Retype the material that follows exactly, limited to the lines from the one with "Skechers Girls Heart Lights Retro Nvy" through the one with "Saint Mxxxxxx Denim", and keep out all pictures.

GIVEN INFORMATION: Begin

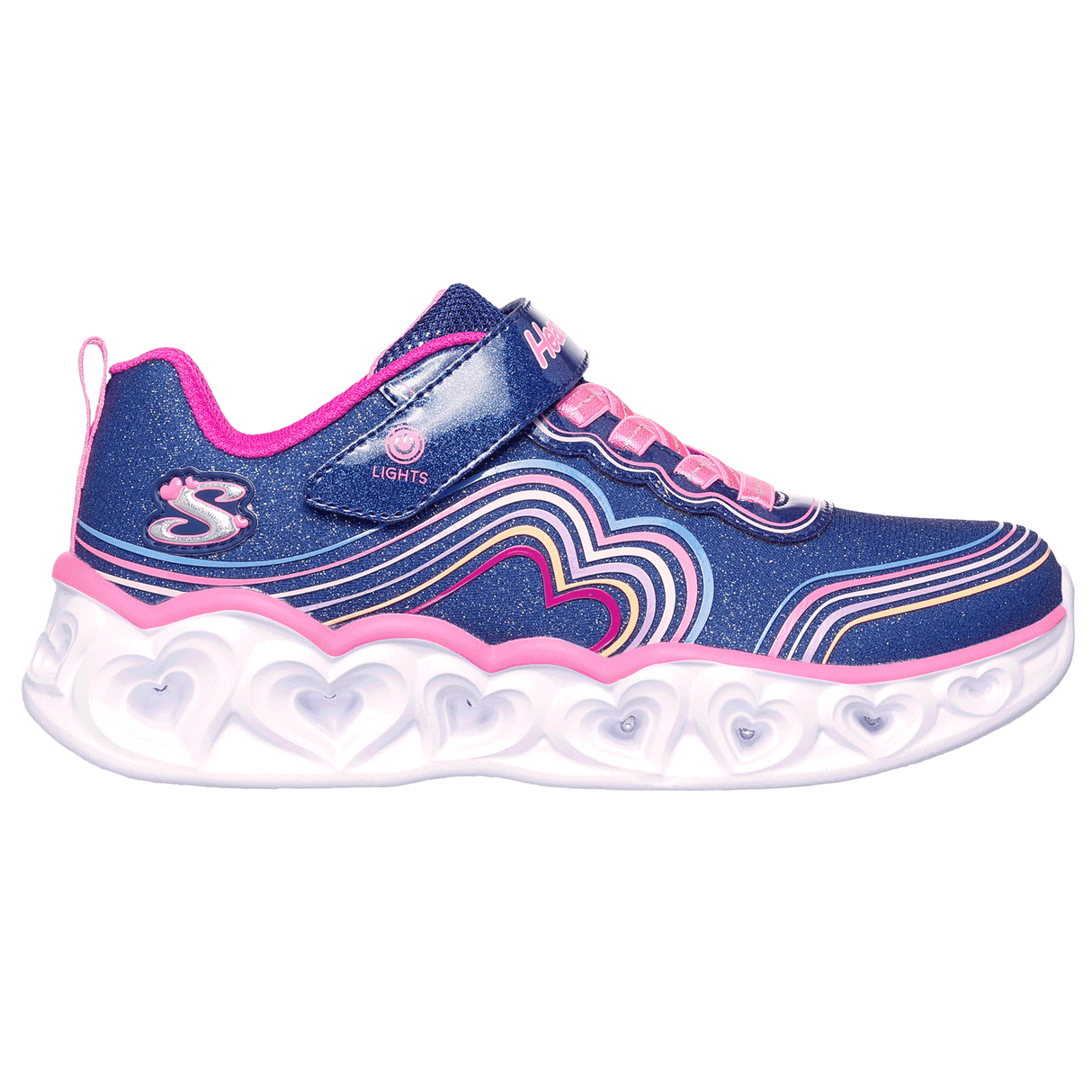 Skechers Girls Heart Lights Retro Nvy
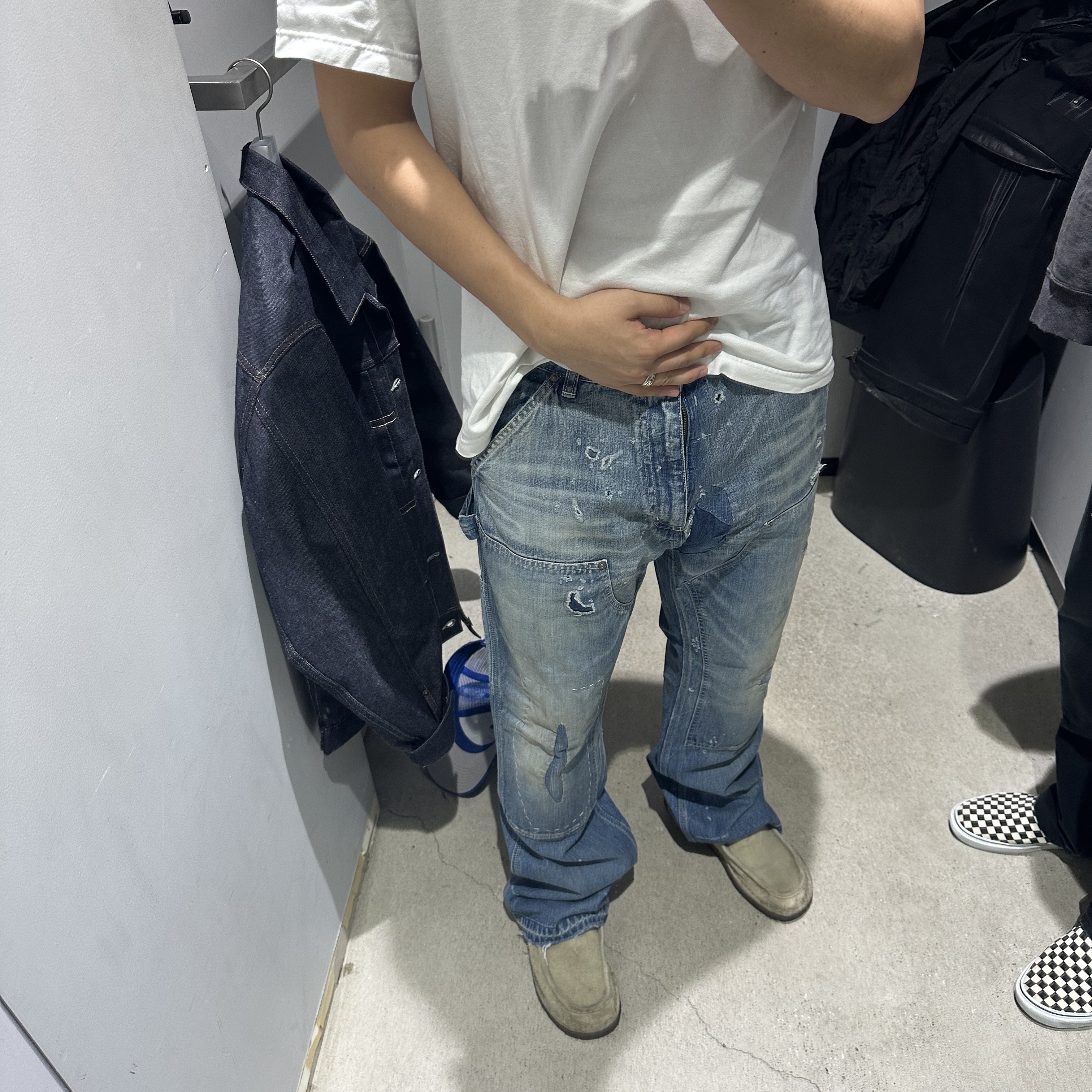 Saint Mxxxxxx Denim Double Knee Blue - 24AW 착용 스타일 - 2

GIVEN INFORMATION: End
GIVEN INFORMATION: Begin

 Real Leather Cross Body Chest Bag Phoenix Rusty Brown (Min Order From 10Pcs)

GIVEN INFORMATION: End

EXPECTED ANSWER -
 Skechers Girls Heart Lights Retro Nvy
 Saint Mxxxxxx Denim Double Knee Blue - 24AW 착용 스타일 - 2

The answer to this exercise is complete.